Ray Tune periodically checkpoints the experiment state so that it can be restarted when it fails or stops. The checkpointing period is dynamically adjusted so that at least 95% of the time is used for handling training results and scheduling.

If you send a SIGINT signal to the process running tune.run() (which is usually what happens when you press Ctrl+C in the console), Ray Tune shuts down training gracefully and saves a final experiment-level checkpoint.

How to resume a Tune run?

If you’ve stopped a run and and want to resume from where you left off, you can then call tune.run() with resume=True like this:

tune.run(
    train,
    # other configuration
    name="my_experiment",
    resume=True
)

You will have to pass a name if you are using resume=True so that Ray Tune can detect the experiment folder (which is usually stored at e.g. ~/ray_results/my_experiment). If you forgot to pass a name in the first call, you can still pass the name when you resume the run. Please note that in this case it is likely that your experiment name has a date suffix, so if you ran tune.run(my_trainable), the name might look like something like this: my_trainable_2021-01-29_10-16-44.

You can see which name you need to pass by taking a look at the results table of your original tuning run:

== Status ==
Memory usage on this node: 11.0/16.0 GiB
Using FIFO scheduling algorithm.
Resources requested: 1/16 CPUs, 0/0 GPUs, 0.0/4.69 GiB heap, 0.0/1.61 GiB objects
Result logdir: /Users/ray/ray_results/my_trainable_2021-01-29_10-16-44
Number of trials: 1/1 (1 RUNNING)

Another useful option to know about is resume="AUTO", which will attempt to resume the experiment if possible, and otherwise will start a new experiment. For more details and other options for resume, see the Tune run API documentation.

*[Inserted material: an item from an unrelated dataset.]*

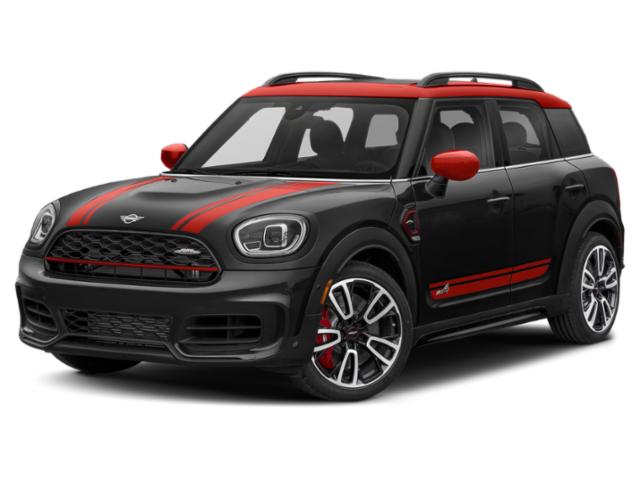 2021 Mini Countryman John Cooper Works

How to stop Tune runs programmatically?

We’ve just covered the case in which you manually interrupt a Tune run. But you can also control when trials are stopped early by passing the stop argument to tune.run. This argument takes, a dictionary, a function, or a Stopper class as an argument.

If a dictionary is passed in, the keys may be any field in the return result of tune.report in the Function API or step() (including the results from step and auto-filled metrics).

Stopping with a dictionary

In the example below, each trial will be stopped either when it completes 10 iterations or when it reaches a mean accuracy of 0.98. These metrics are assumed to be increasing.

# training_iteration is an auto-filled metric by Tune.
tune.run(
    my_trainable,
    stop={"training_iteration": 10, "mean_accuracy": 0.98}
)

Stopping with a function

For more flexibility, you can pass in a function instead. If a function is passed in, it must take (trial_id, result) as arguments and return a boolean (True if trial should be stopped and False otherwise).

def stopper(trial_id, result):
    return result["mean_accuracy"] / result["training_iteration"] > 5

tune.run(my_trainable, stop=stopper)

Stopping with a class

Finally, you can implement the Stopper abstract class for stopping entire experiments. For example, the following example stops all trials after the criteria is fulfilled by any individual trial, and prevents new ones from starting:

from ray.tune import Stopper

class CustomStopper(Stopper):
    def __init__(self):
        self.should_stop = False

    def __call__(self, trial_id, result):
        if not self.should_stop and result['foo'] > 10:
            self.should_stop = True
        return self.should_stop

    def stop_all(self):
        """Returns whether to stop trials and prevent new ones from starting."""
        return self.should_stop

stopper = CustomStopper()
tune.run(my_trainable, stop=stopper)

Note that in the above example the currently running trials will not stop immediately but will do so once their current iterations are complete.

Ray Tune comes with a set of out-of-the-box stopper classes. See the Stopper documentation.

Stopping after the first failure

By default, tune.run will continue executing until all trials have terminated or errored. To stop the entire Tune run as soon as any trial errors:

tune.run(trainable, fail_fast=True)

This is useful when you are trying to setup a large hyperparameter experiment.